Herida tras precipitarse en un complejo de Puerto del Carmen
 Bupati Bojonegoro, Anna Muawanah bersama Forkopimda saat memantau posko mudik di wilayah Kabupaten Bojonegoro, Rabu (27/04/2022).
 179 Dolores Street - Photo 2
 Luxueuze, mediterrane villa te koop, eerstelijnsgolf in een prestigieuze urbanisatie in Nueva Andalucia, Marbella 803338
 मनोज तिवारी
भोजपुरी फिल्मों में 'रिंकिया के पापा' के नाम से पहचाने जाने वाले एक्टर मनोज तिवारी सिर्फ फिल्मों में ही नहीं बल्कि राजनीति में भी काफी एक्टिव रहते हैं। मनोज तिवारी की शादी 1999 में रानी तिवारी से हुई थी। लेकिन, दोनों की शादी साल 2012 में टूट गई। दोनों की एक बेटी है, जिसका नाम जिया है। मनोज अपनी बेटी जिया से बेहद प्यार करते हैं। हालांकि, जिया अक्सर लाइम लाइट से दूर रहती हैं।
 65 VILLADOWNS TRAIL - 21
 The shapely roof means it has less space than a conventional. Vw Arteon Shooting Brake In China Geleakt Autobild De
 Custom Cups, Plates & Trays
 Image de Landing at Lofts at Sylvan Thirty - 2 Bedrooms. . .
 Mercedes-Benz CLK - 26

========================================================================

» Task brief: The lines from the one with "179 Dolores Street - Photo 2" through the final line of the data are to be reproduced exactly, both included, with no other lines.

» Exercise result:
 179 Dolores Street - Photo 2
 Luxueuze, mediterrane villa te koop, eerstelijnsgolf in een prestigieuze urbanisatie in Nueva Andalucia, Marbella 803338
 मनोज तिवारी
भोजपुरी फिल्मों में 'रिंकिया के पापा' के नाम से पहचाने जाने वाले एक्टर मनोज तिवारी सिर्फ फिल्मों में ही नहीं बल्कि राजनीति में भी काफी एक्टिव रहते हैं। मनोज तिवारी की शादी 1999 में रानी तिवारी से हुई थी। लेकिन, दोनों की शादी साल 2012 में टूट गई। दोनों की एक बेटी है, जिसका नाम जिया है। मनोज अपनी बेटी जिया से बेहद प्यार करते हैं। हालांकि, जिया अक्सर लाइम लाइट से दूर रहती हैं।
 65 VILLADOWNS TRAIL - 21
 The shapely roof means it has less space than a conventional. Vw Arteon Shooting Brake In China Geleakt Autobild De
 Custom Cups, Plates & Trays
 Image de Landing at Lofts at Sylvan Thirty - 2 Bedrooms. . .
 Mercedes-Benz CLK - 26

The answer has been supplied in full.